**EXERCISE DETAILS:** Please return every record exactly, with no pictures included.
※ ※ ※
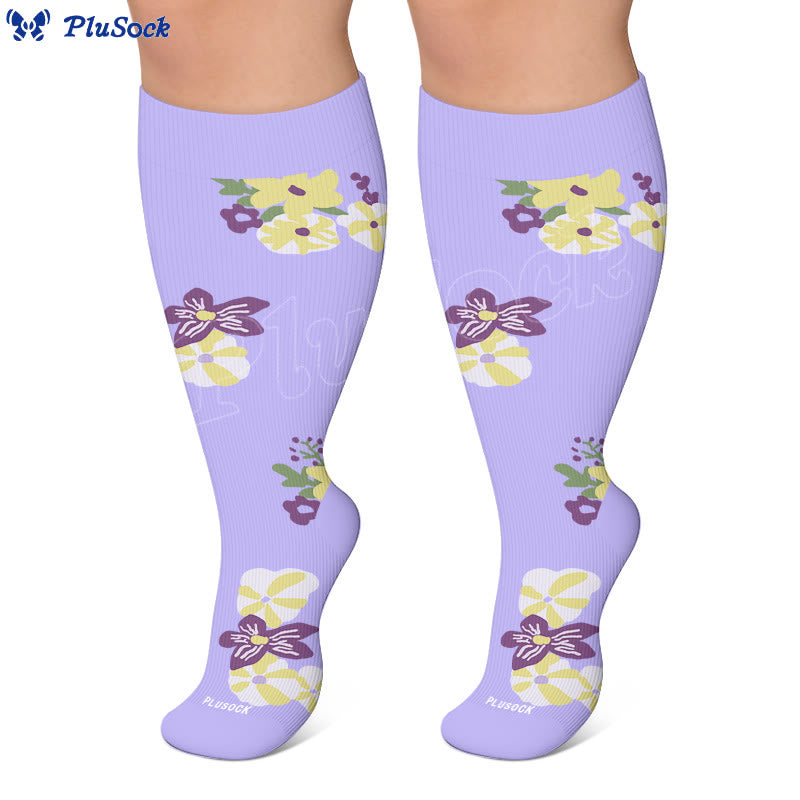 Plus Size Floral Compression Socks(4 Pairs) - image 5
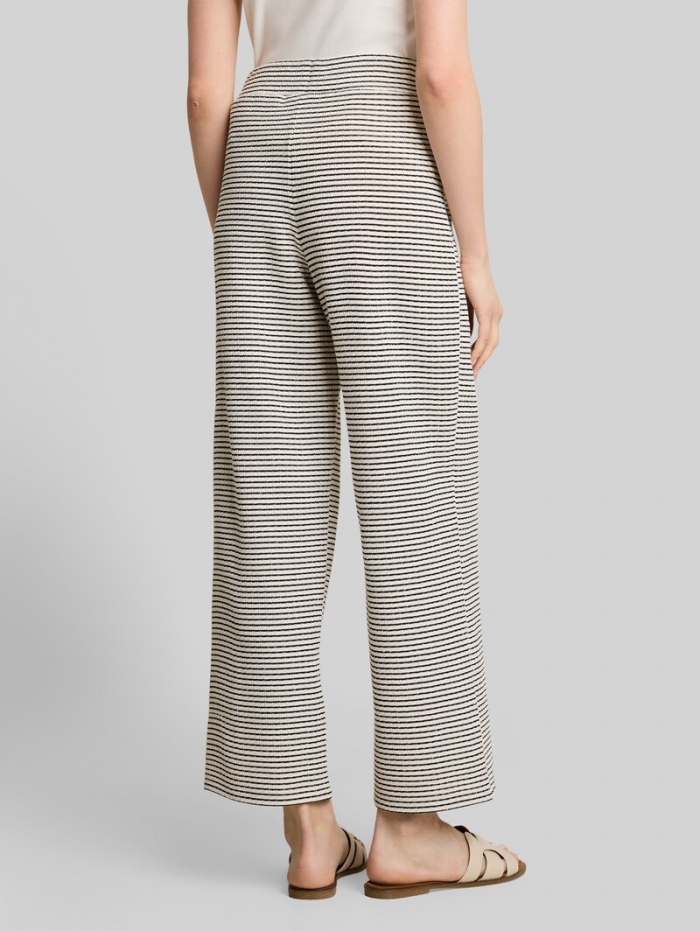 Tom Tailor Wide Leg Strickhose - White Black Knit Stripe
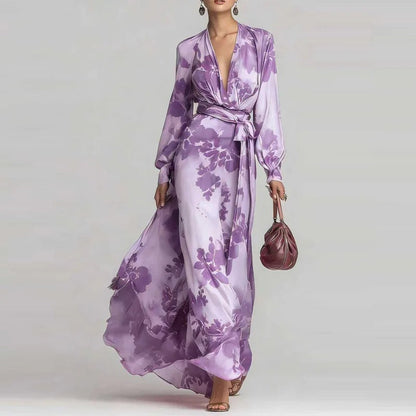 Floral Wrap Maxi Dress - Purple
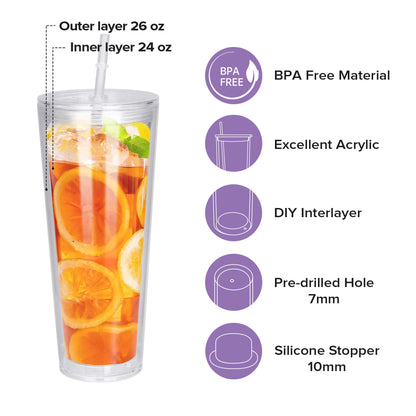 24 oz Snow Globe Acrylic Tumbler | 25 Pack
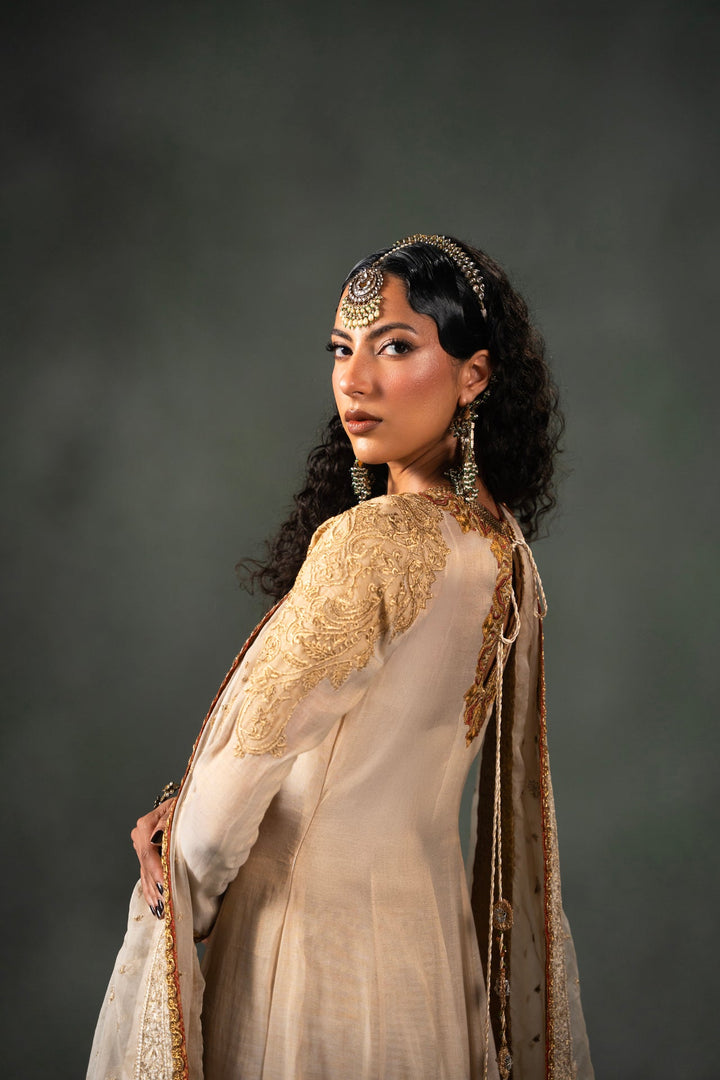 Nilofer Shahid - Hurram - Cream - 3 Piece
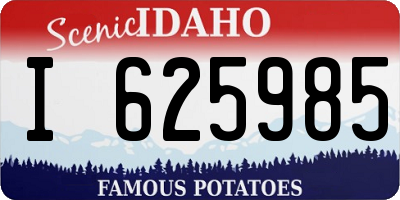 ID license plate I625985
※ ※ ※
**TASK SOLUTION:**
 Plus Size Floral Compression Socks(4 Pairs) - image 5
 Tom Tailor Wide Leg Strickhose - White Black Knit Stripe
 Floral Wrap Maxi Dress - Purple
 24 oz Snow Globe Acrylic Tumbler | 25 Pack
 Nilofer Shahid - Hurram - Cream - 3 Piece
 ID license plate I625985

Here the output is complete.